The music of Madonna related to that of Dwight Yoakam? Yes, two sides of the coin, if taken in the right way. At the same time that Madonna vogued in revealing or little to no clothes, Dwight and his ever tight jeans captured the heart of a yearning, repressed America. Like a bulging package of cultural authenticity and raw sex, he twanged the zeitgeist of the collective consciousness.
But, in a far more nebulous way, American was using both Dwight and Madonna for their sexual pop music fantasties, but not truly valuing them as artists and performers. Much like is now commonplace, and had building from Elvis and before unto this time period, the lens made Dwight appear almost animal like in his sexuality, hat always covering his mischievous and seductive face, concealing his real identity and inner life.
Madonna, the exotic Brooklyn Italian primitive, seen the same way. All sex, all movement and materialism.
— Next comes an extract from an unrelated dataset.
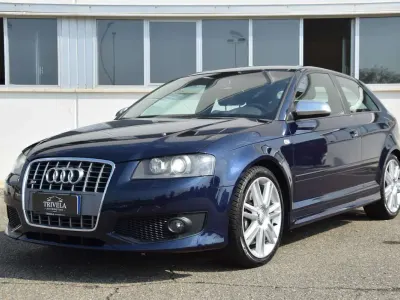 Usata Audi S3 Ambiente 265 CV (194 kW) 2007 Blu/azzurro Utilitaria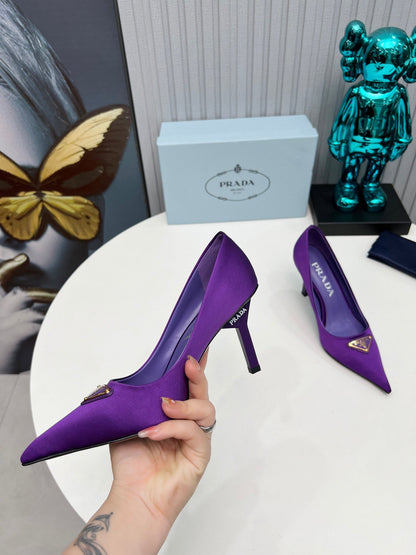 HIGH-HEEL PUMPS IN VIOLET SATIN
American wanting to authenticate its cultural roots vicariously Dwight as his hillbilly Madonna sang of the life saving virtues of “Guitars, Cadillacs, etc.” to an American thriving for consumers position to fill its culture void of a soul. Where as Dwight’s longing and hurt was real, so was that of our nation, but channeled towards false hopes and corporate products.
But, Dwight as the mysterious and animal sexual other was not allowed his real hurt, and was cast also as a dangerous villain, on the edge of violence. See his portrayal and character in the film “Slingblade,” as a savage alcoholic in a narrative whose title uses the loaded imagery of the sexual blade and penetration that Billy Bob Thornton's character used in a grisly murder linked to sex of the mother and elicit behavior. Now rural America is shown as the violent other, a scarey place, linking crimes of passion and bloodlust to erotic tastes of mainstream moviegoers.
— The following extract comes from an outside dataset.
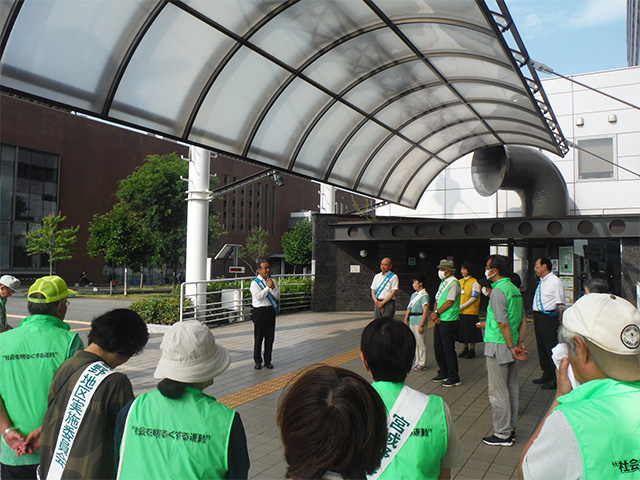 JR陸前原ノ町駅前における啓発活動(社明宮城野地区)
So, in this age that made him a star, Dwight was not framed as the caring, melancholic lover, with broken heart and sensitive tastes. His songwriting, though, would later show these sides, even if his cultural popularity began to wane. But, pop music is performance, image and showmanship. Dwight, like his idol Elvis, the other hillbilly to whom he owes a large musical debt, remains the tight jean country king of sex.